Configuring the LPC800 Mini Board

  1. The first step you will need to do is connect you UART to USB adapter cable to the 'FTDI' header on the top of the LPC800 Mini Board. The pin layout is setup to match FTDI's popular cables by default, specifically the 'TTL-232R-3V3'. Other adapters can of course be used, but you will need to connect the GND, VCC, TXD and RXD pins in the right location yourself. FTDI's TTL-232R-3V3 cable is shown connected here as a reference:

    LPC800-mini-board: LPC800-mini-boardLPC800-mini-board

  2. The next step is placing the LPC810 in 'ISP' mode. This is accomplished by pulling PIO0_1 'low' during reset, which causes the bootloader to enter ISP mode. The LPC800 mini board conveniently has an 'ISP' switch – the white button in the bottom left-hand side of the board – which we can hold down to pull the ISP pin low. While continuing to press the ISP button, press and then release the 'RESET' button (the red button on the opposite side of the board). This will cause the board to reset, the internal bootloader will see that the ISP pin is low, and it will enter ISP mode where we can program the flash in Flash Magic using the on-chip UART0 peripheral.

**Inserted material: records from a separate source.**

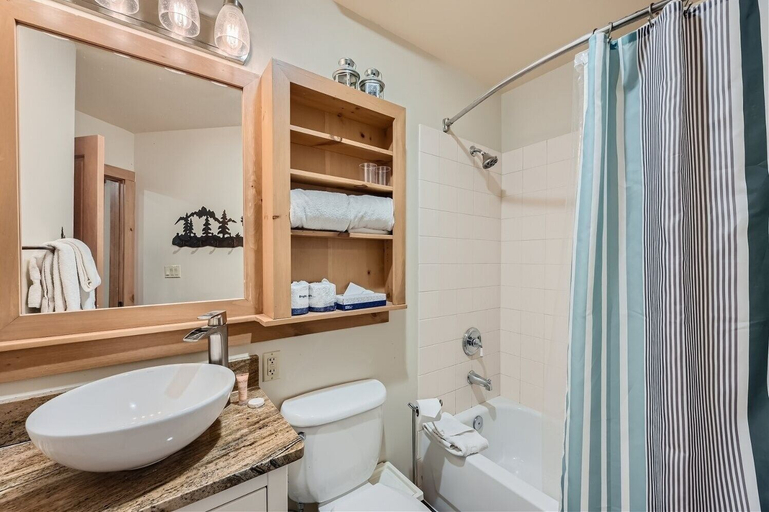 Bathroom 5, 8619 Expedition Station 2 Bedroom Condo by RedAwning, Summit
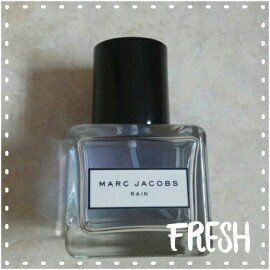 Photo of MARC JACOBS Splash Rain uploaded by Jenny S.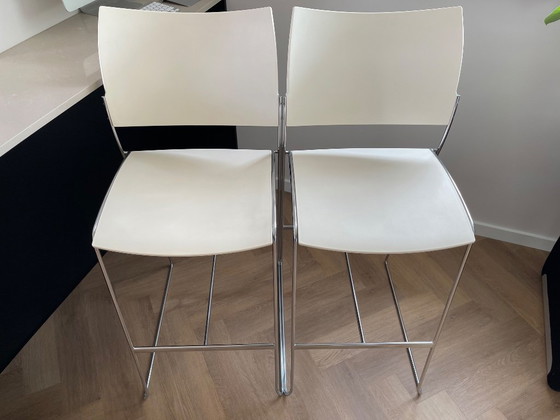 Tabourets de bar Casala Curvy (2) - Assise Blanche – Plastic (photo 8 of 10)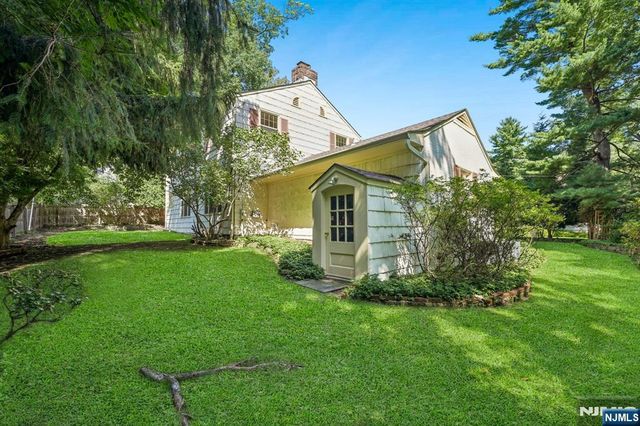 1 Seneca Place, Montclair, NJ 07043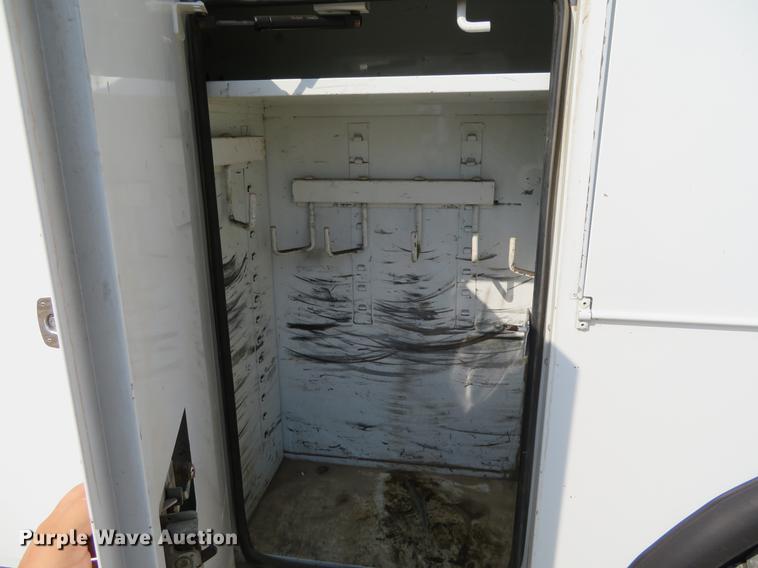 image for item EJ9629 2009 International DuraStar 4300 bucket truck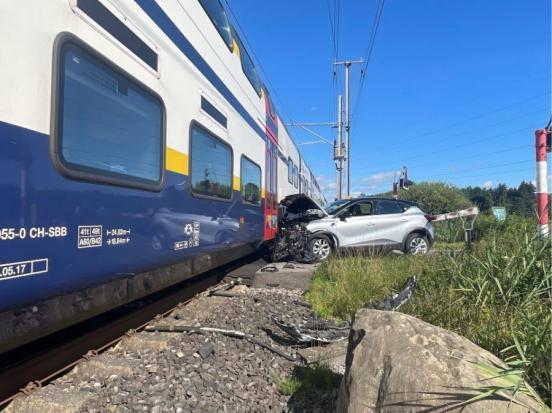 S-Bahn-Unfall in Hinwil: Ersatzbusse, Sachschaden und Streckensperrung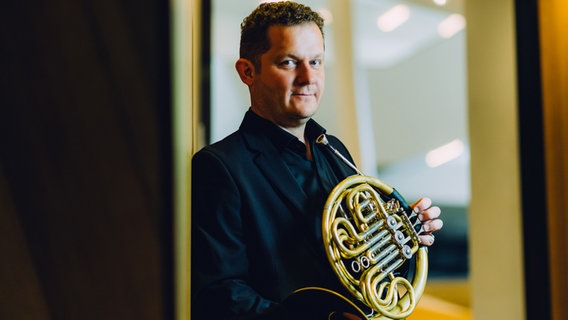 Dave Claessen, Hornist des NDR Elbphilharmonie Orchesters © NDR, Jewgeni Roppel Foto: Jewgeni Roppel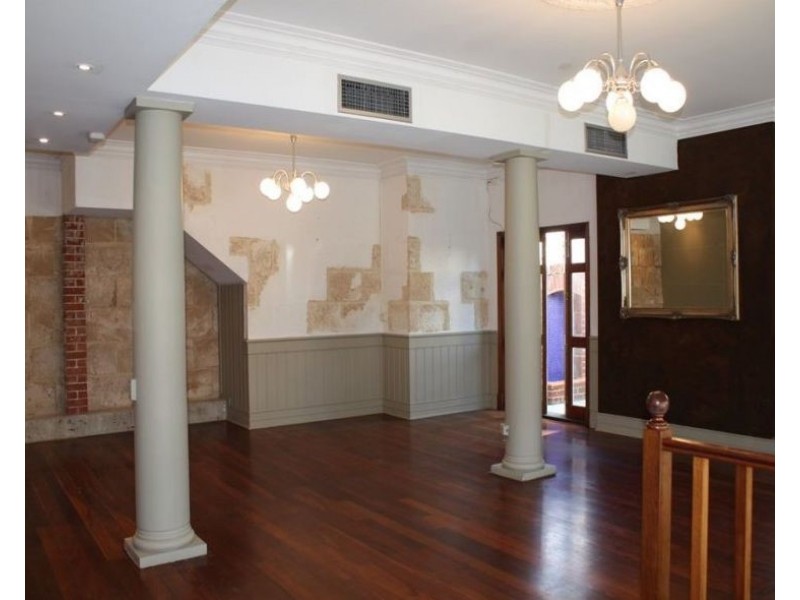 1/17 Essex Street, Fremantle WA 6160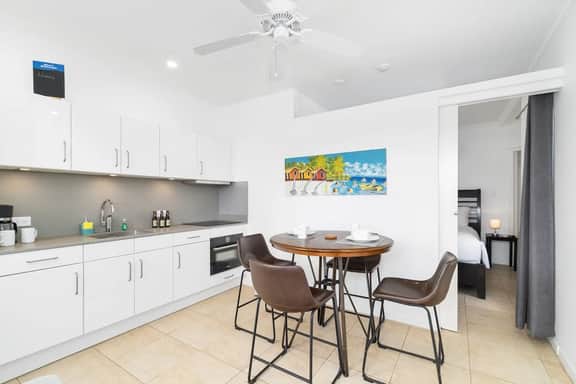 Poolside 1BR Retreat w/ Kitchen near Eagle Beach - Image 2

Configuring Flash Magic for the LPC810

The next step requires you to download and install the latest version of Flash Magic if you haven't already done so. It's available for free at Once installed, open the tool, and the run through the following steps:

  1. Setup the 'Communications' options:
    1. Select LPC810M021FN8 as your target device
    2. Set your COM port to whatever port your USB to UART adapter enumerated as (you can find this in the device manager in Windows)
    3. Set the Baud Rate to 115200, or whatever matches your USB to UART adapter
    4. Make sure that the 'Interface' is set to 'None (ISP)'
    5. Set the Oscillator to '12', which matches the speed of the IRC used by the bootloader
  2. You can double-check all of your communications settings and connection by selecting the 'ISP > Read Device Signature …' menu item. If you are in ISP mode and properly connected, with the right 'Communications' settings, you should see something similar to the following screen:

    FlashMagic Device ID: FlashMagic Device IDFlashMagic Device ID

    If you get an error message, double check your connections and your settings in Flash Magic, making sure you are actually in ISP mode on the LPC810, and that you've selected the right COM port.
  3. Check the 'Erase blocks used by Hex File' checkbox in the 'Erase' section.
  4. Select your hex file in the 'Hex File' section: Use the 'Browse' button to point to the Intel Hex file generated by your toolchain or IDE (for example, LPCXpresso). You can also use one of the sample .hex files available here if you don't have a .hex file ready yet.
  5. You should end up with Flash Magic configuration as follows ('Verify after programming' is optional):

    Flash magic settings: Flash magic settingsFlash magic settings

  6. Now click the 'Start' button to program the flash …
  7. … and finally, once the device has been programmed, reset your board (via the red 'Reset' button).

If at some point you want to change your firmware, simply repeat the process of re-entering ISP mode by holding the ISP pin low, resetting the LPC810, releasing the ISP pin, and the programming the device via Flash Magic again.

Known issues

There is an issue with some of the LPC810 DIP8 parts that are populated on the mini board that prevents the analog comparator from functioning. To see if the part on your board is affected, locate the date code on the top of the DIP8 package (the last line of text on top of the chip). If this line end with either "2X" or "2A", your part is affected.